Exercise brief → Return the data below exactly, minus the pictures.

(Short web captions)
========================================================================
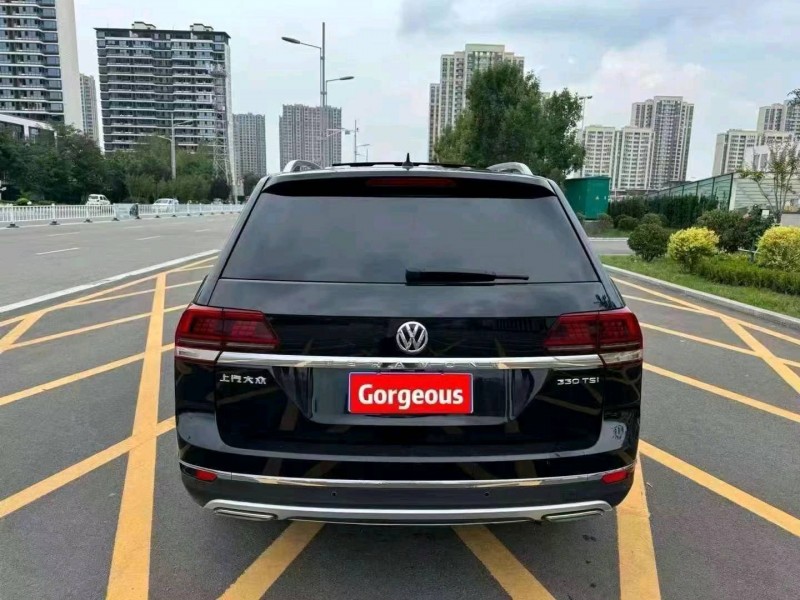 济南18年大众途昂9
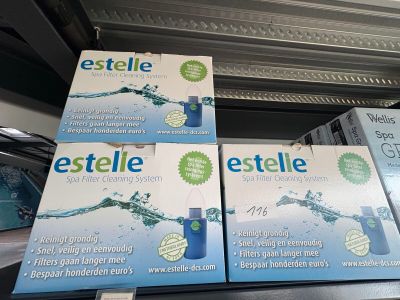 Trois boîtes d'Estelle sont empilées sur une étagère dans un magasin
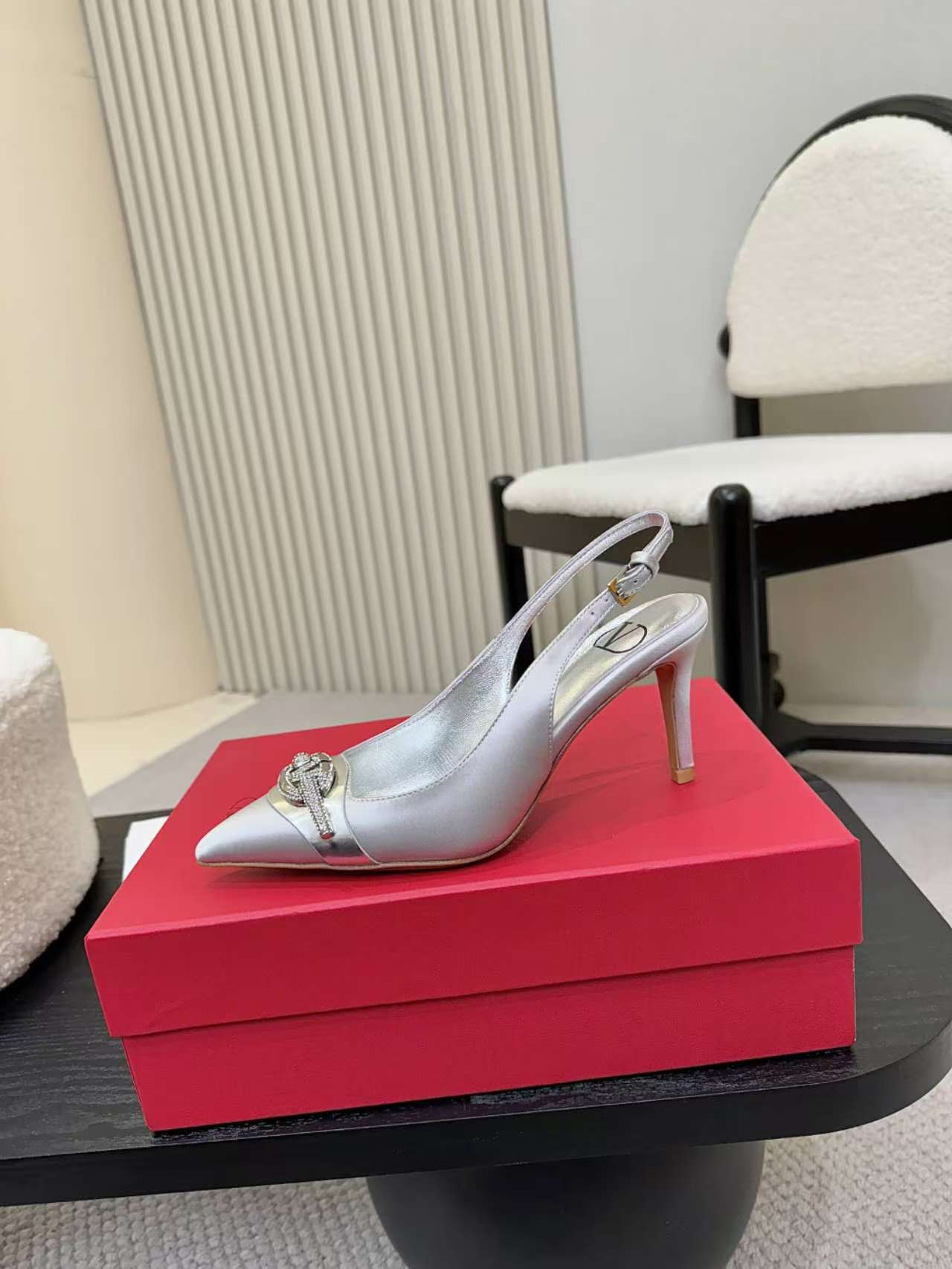 Valentino Women's Pointed Toe Bow High Heels Luxury Patent Leather Pumps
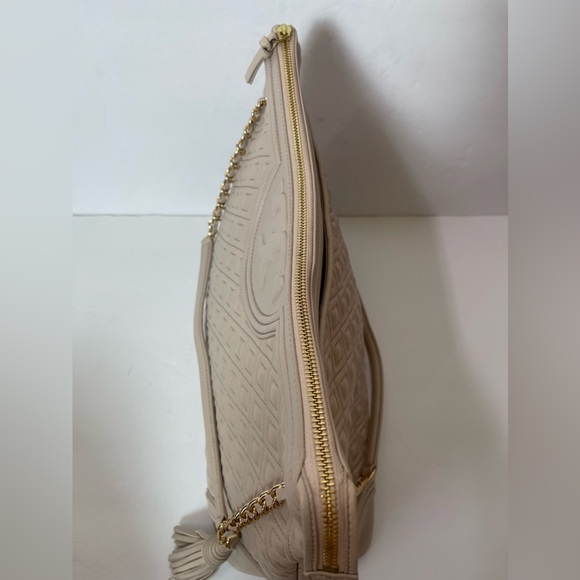 Tory Burch Fleming Quilted Leather tote bags - Picture 4 of 14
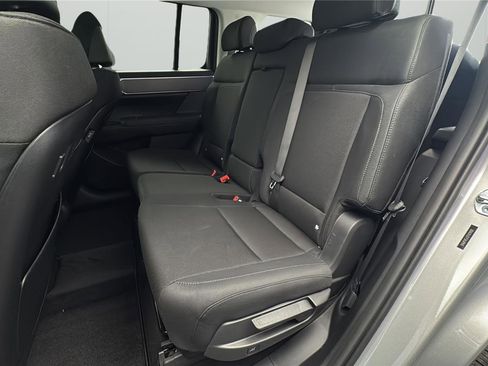 New 2026 Hyundai Santa Fe SE FWD image 11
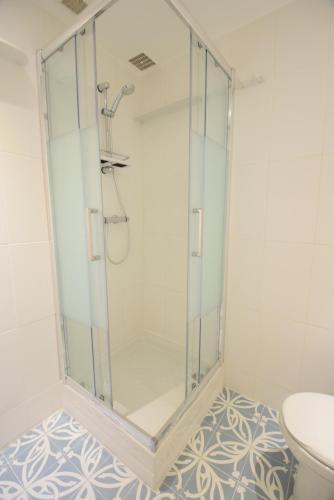 Nice Renting - BARILLERIE - COZY LOFT OLD NICE - SEA FRONT - SALEYA - MASSENA, Nice (fotografie 9)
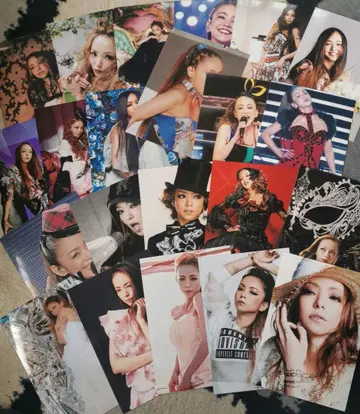 아무로 나미에 L판 사진 53장과 키링 2개 증정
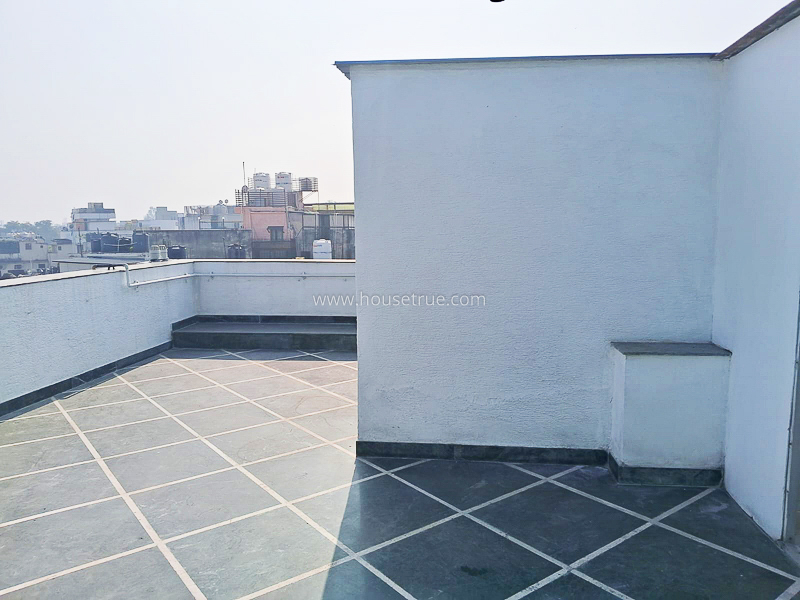 3 BHK Flat For Rent in Defence Colony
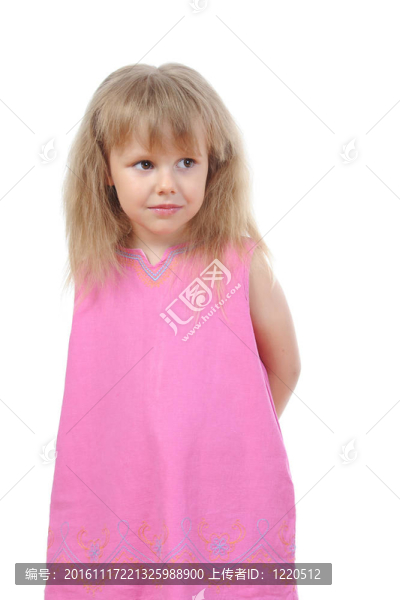 穿著粉紅色衣服的快樂的女孩。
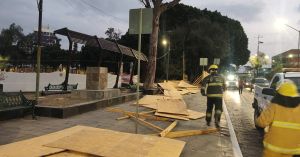 Tiran r&aacute;fagas de viento tablones de madera en rehabilitaci&oacute;n de paseo Bravo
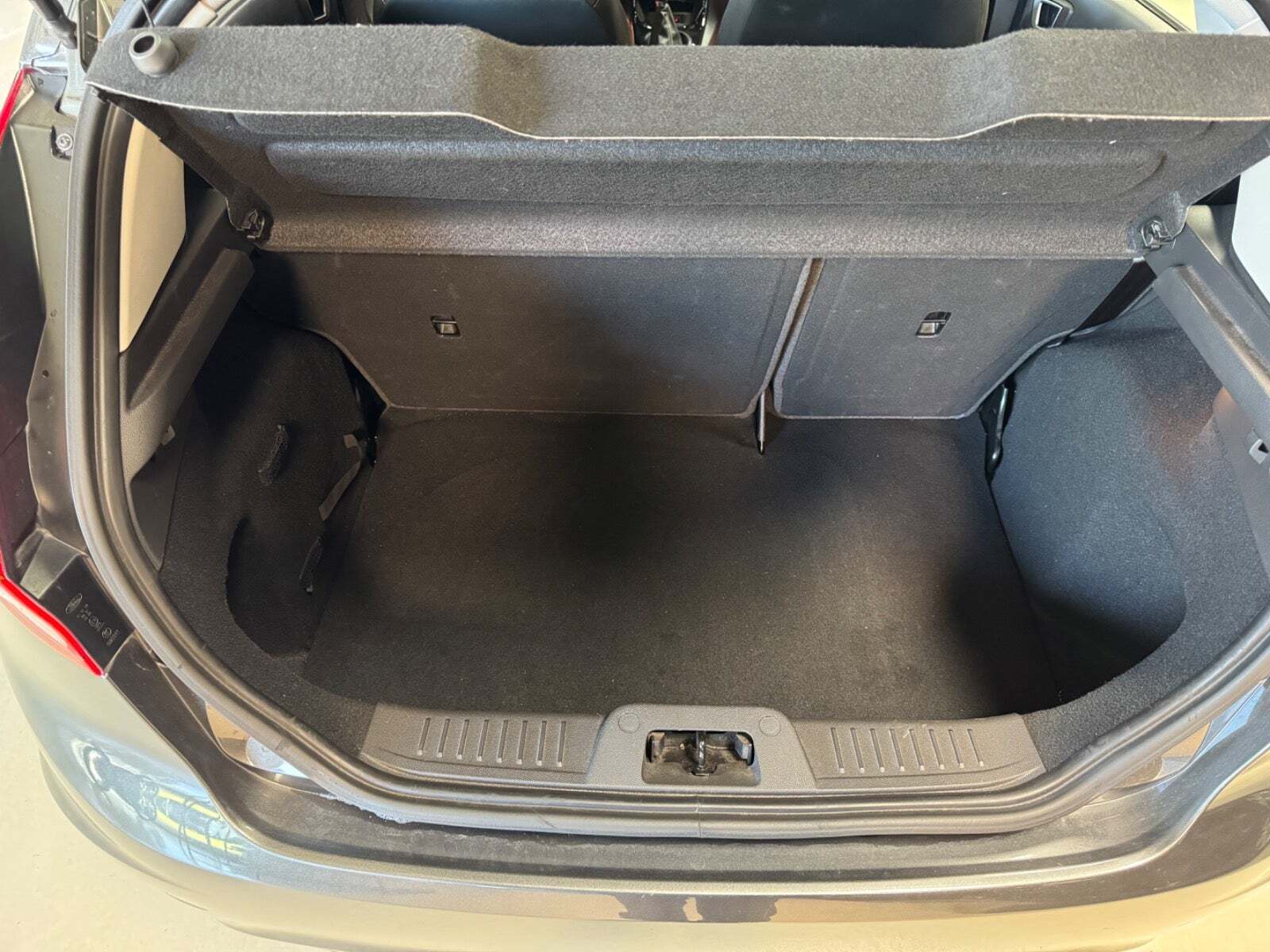 Grå Ford Fiesta fra 2016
========================================================================
Problem solution →
 济南18年大众途昂9
 Trois boîtes d'Estelle sont empilées sur une étagère dans un magasin
 Valentino Women's Pointed Toe Bow High Heels Luxury Patent Leather Pumps
 Tory Burch Fleming Quilted Leather tote bags - Picture 4 of 14
 New 2026 Hyundai Santa Fe SE FWD image 11
 Nice Renting - BARILLERIE - COZY LOFT OLD NICE - SEA FRONT - SALEYA - MASSENA, Nice (fotografie 9)
 아무로 나미에 L판 사진 53장과 키링 2개 증정
 3 BHK Flat For Rent in Defence Colony
 穿著粉紅色衣服的快樂的女孩。
 Tiran r&aacute;fagas de viento tablones de madera en rehabilitaci&oacute;n de paseo Bravo
 Grå Ford Fiesta fra 2016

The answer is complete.